Exercise instructions
Nothing below is to be printed except the lines between the line holding "Enhon 6 Stück" and the line holding "Celaena Steel Blue Velvet Midi Dress", inclusive, each exactly as it appears.

Listed entries
***
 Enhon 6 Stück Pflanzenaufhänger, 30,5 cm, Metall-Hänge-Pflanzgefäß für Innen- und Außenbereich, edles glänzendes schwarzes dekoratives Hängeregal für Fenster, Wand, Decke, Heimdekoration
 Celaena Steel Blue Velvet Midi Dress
***
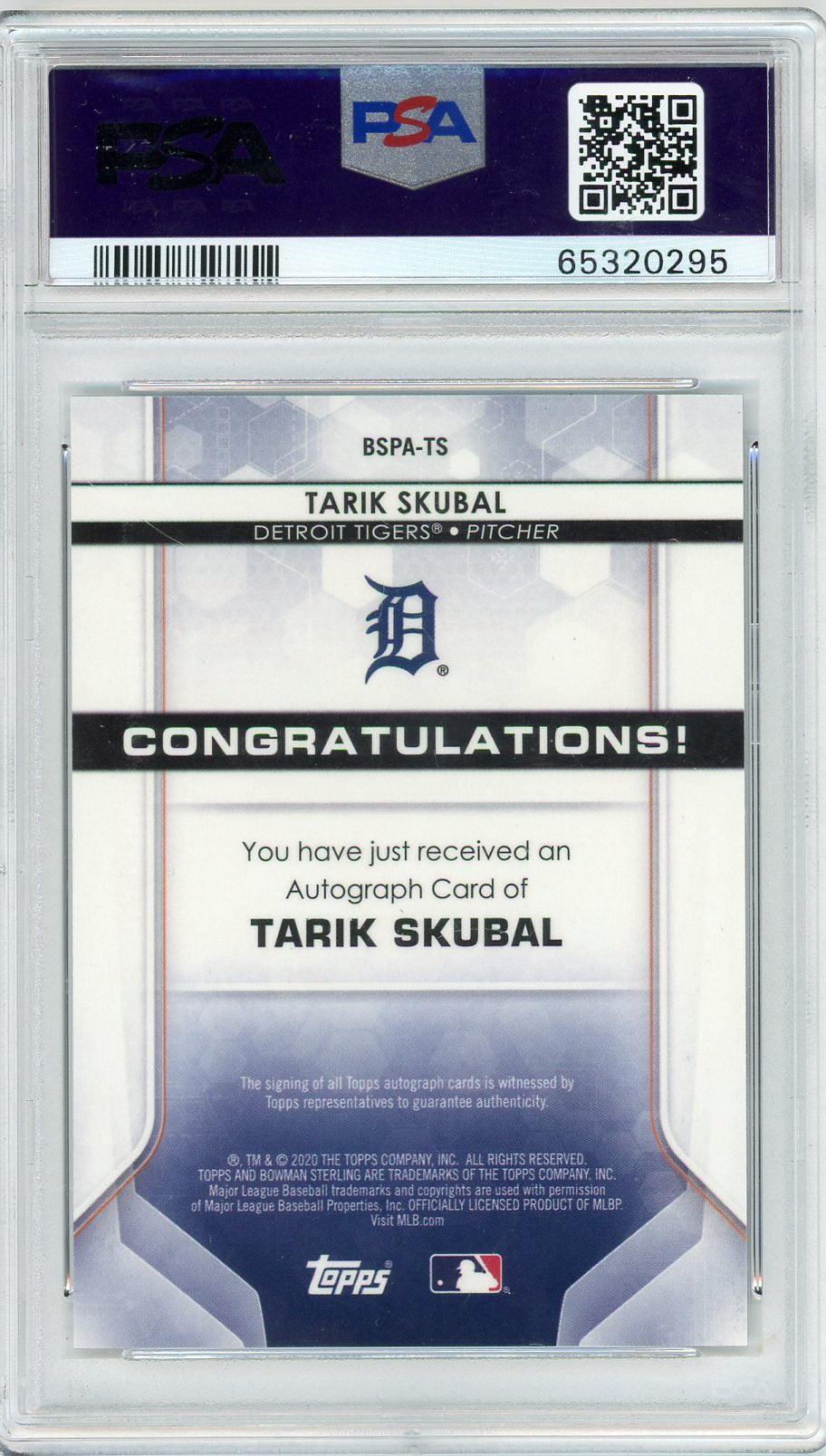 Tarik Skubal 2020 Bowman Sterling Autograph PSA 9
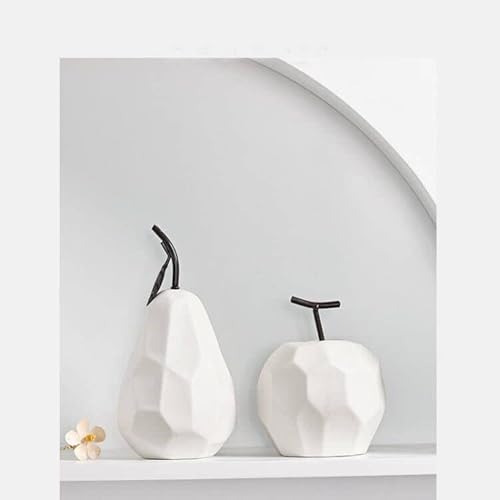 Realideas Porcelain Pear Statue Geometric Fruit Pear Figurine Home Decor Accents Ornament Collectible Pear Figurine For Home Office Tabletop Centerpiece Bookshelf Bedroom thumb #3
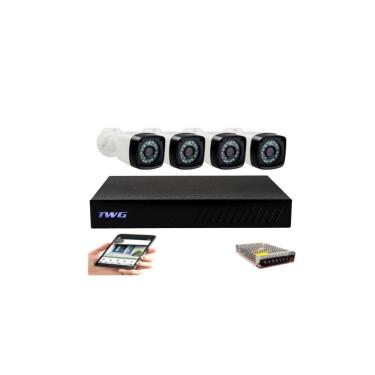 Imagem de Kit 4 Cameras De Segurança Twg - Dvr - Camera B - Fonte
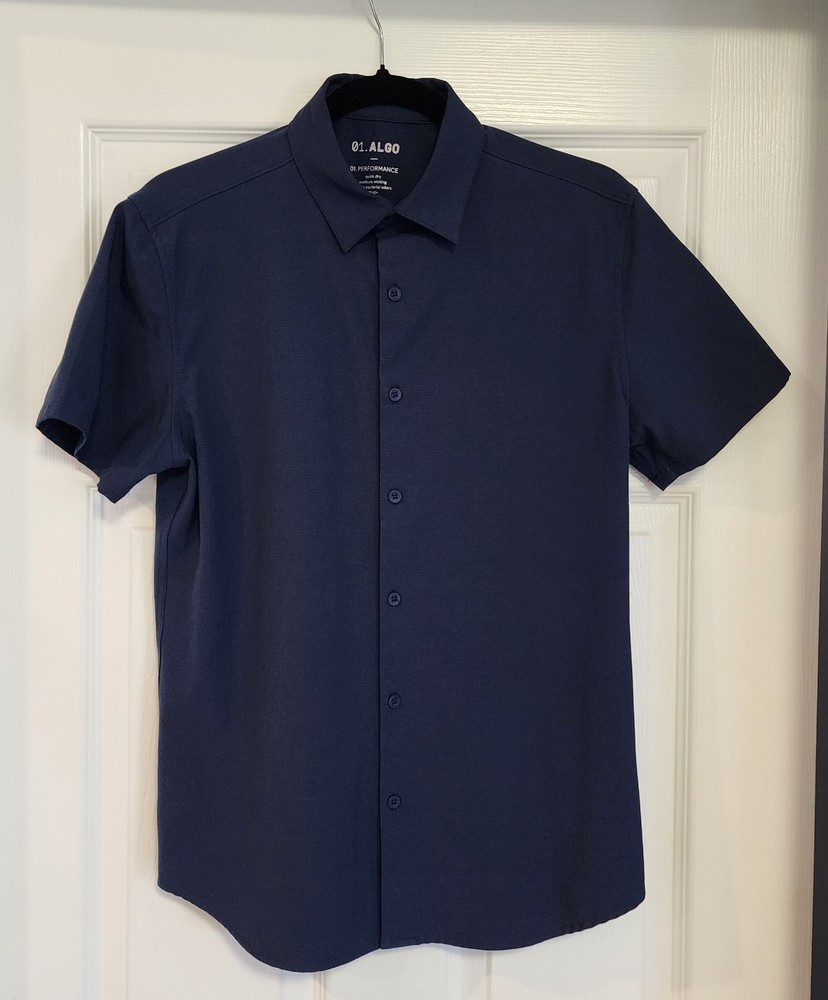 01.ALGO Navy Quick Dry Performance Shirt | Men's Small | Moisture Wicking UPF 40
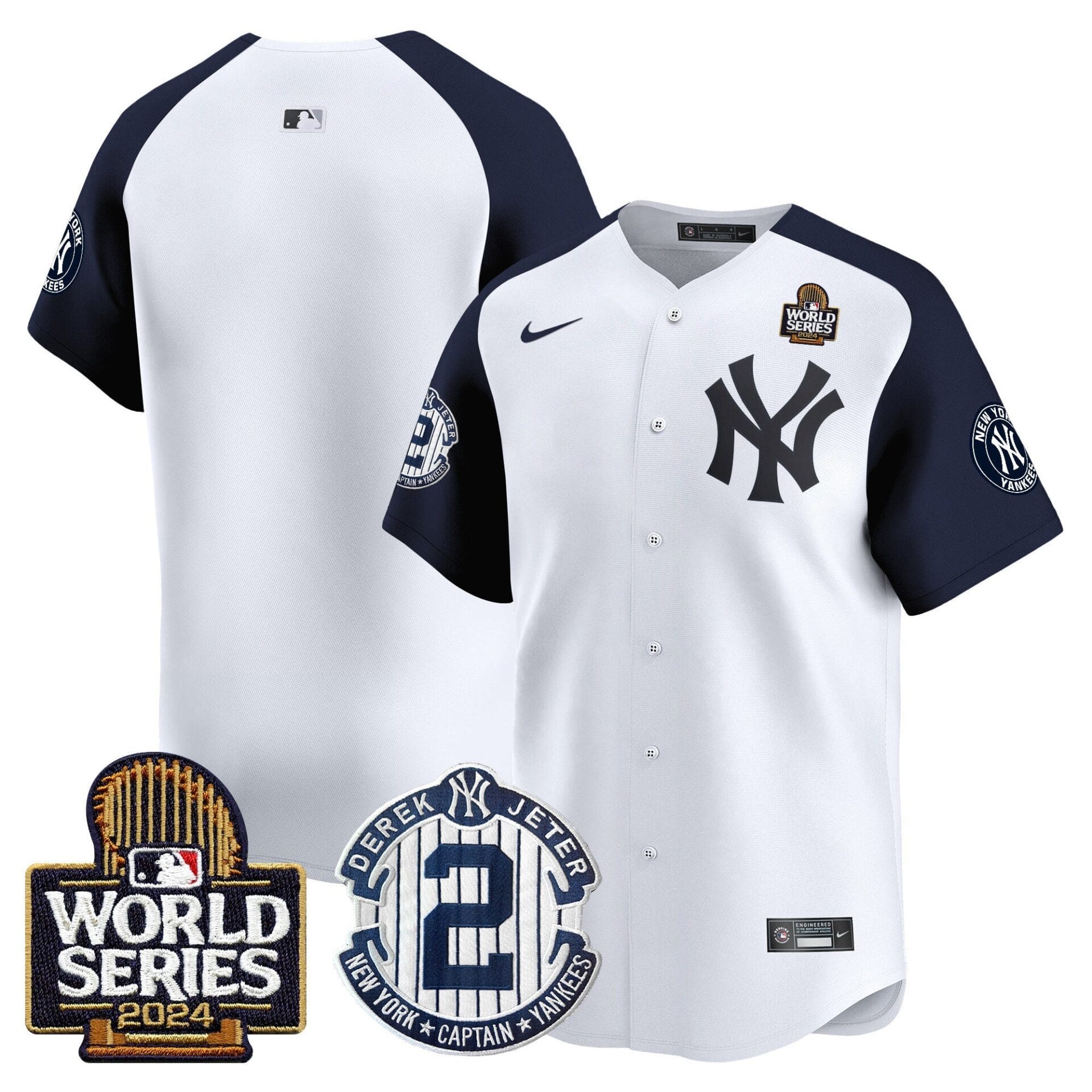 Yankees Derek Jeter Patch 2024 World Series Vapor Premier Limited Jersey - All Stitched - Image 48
***
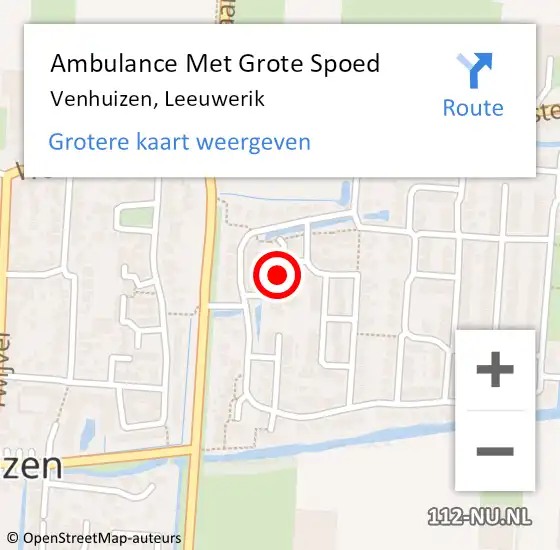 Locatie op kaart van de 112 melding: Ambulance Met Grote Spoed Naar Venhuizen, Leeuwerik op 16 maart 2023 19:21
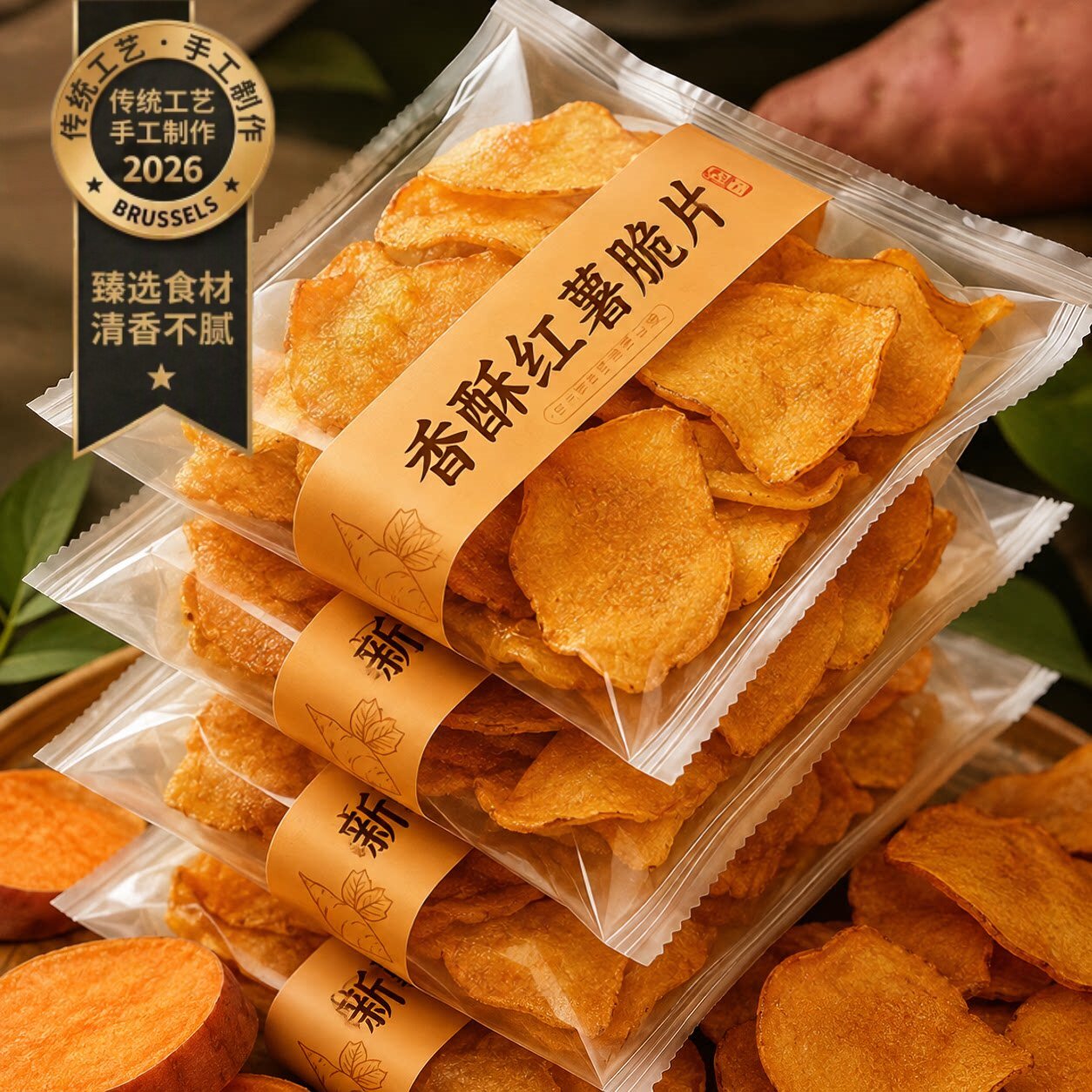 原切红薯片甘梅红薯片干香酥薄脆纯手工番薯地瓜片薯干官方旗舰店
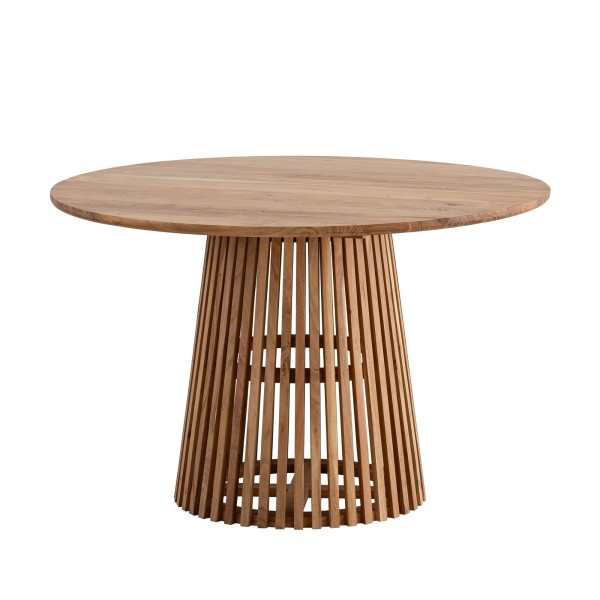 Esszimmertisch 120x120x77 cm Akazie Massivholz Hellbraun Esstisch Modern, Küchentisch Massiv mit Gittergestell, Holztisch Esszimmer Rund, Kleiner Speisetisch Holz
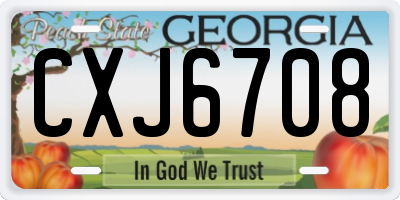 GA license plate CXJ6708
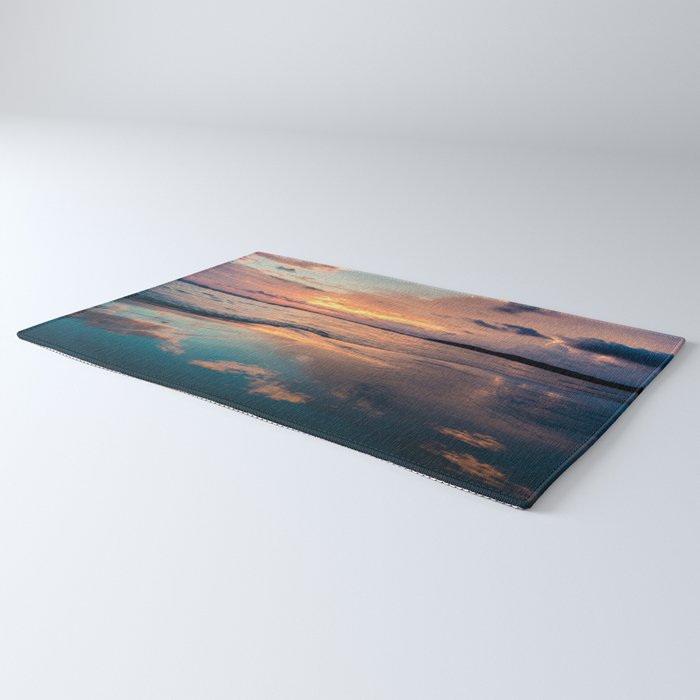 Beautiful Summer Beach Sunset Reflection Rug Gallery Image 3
***
Response to the exercise
 Enhon 6 Stück Pflanzenaufhänger, 30,5 cm, Metall-Hänge-Pflanzgefäß für Innen- und Außenbereich, edles glänzendes schwarzes dekoratives Hängeregal für Fenster, Wand, Decke, Heimdekoration
 Celaena Steel Blue Velvet Midi Dress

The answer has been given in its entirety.